Los refuerzos habían llegado un poco antes de que se pusiera el sol. Primero se presentaron dos grandes helicópteros del FBI, que se quedaron en suspenso unos momentos hasta encontrar un lugar apropiado donde aterrizar entre los montículos de té de roca; entonces, los agentes especiales salieron como un enjambre, como guerreros enfundados en sus trajes oficiales antibalas, apuntando a Leaphorn con sus armas automáticas, molestos porque el lugarteniente no les hacía el menor caso. Después, las explicaciones sobre lo que había ocurrido allí, las aclaraciones sobre Gershwin con el agente especial al mando, que quería preguntarlo todo, que buscaba respuestas para apoyar la tesis del departamento respecto a Everett Jorie, como suicida y líder del grupo, y que se quedó estupefacto cuando se enteró de que el tipo que le estaba enmendando la plana no era más que un simple civil.

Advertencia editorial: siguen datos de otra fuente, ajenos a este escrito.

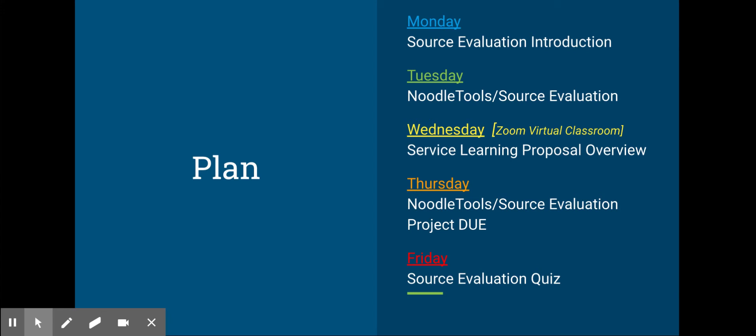Wednesday, we're going to talk about our service learning proposals with Dr. Singh and Mrs. Bruder.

Chee sonreía al recordarlo. Leaphorn había interrumpido los argumentos del agente especial al mando insinuándole que pusiera fin a sus dudas mandando a unos cuantos hombres a la camioneta de Gershwin a que abrieran unos cuantos bultos, en los que encontrarían, dijo Leaphorn con total seguridad, unos cuarenta y ocho kilos con cuatrocientos sesenta y un gramos, aproximadamente, en billetes de banco, robados en el casino. Así lo hizo el agente especial al mando y así sucedió; parte del dinero estaba ordenadamente guardado en paquetes y repartido en ocho bolsas de basura de color blanco, de la marca Earth-Smart, apiladas debajo del equipaje de Gershwin; los billetes grandes se encontraban dispuestos en capas en las maletas, con la ropa. Entre tanto, llegaron las tropas de tierra: dos coches del sheriff, uno de la policía estatal de Utah y una unidad de las fuerzas del orden de la BIA con una mezcolanza de agentes, entre los que se encontraban los rastreadores de la patrulla de fronteras con sus perros. Los rastreadores miraron con inquietud los cúmulos de nubes, con las cimas encendidas por el sol poniente y las barrigas negras y preñadas de electricidad, que prometían una lluvia esperada desde hacía días. Los rastreadores no escondían su preferencia por la luz del día y el terreno seco. Por fin, las explicaciones se terminaron, llegó una ambulancia para llevarse a los dos muertos tras una intensa sesión de fotografía, y ahí estaba Chee, seco, cómodo, de camino a casa y asistiendo con interés a la revelación del lado humano del Lugarteniente Legendario.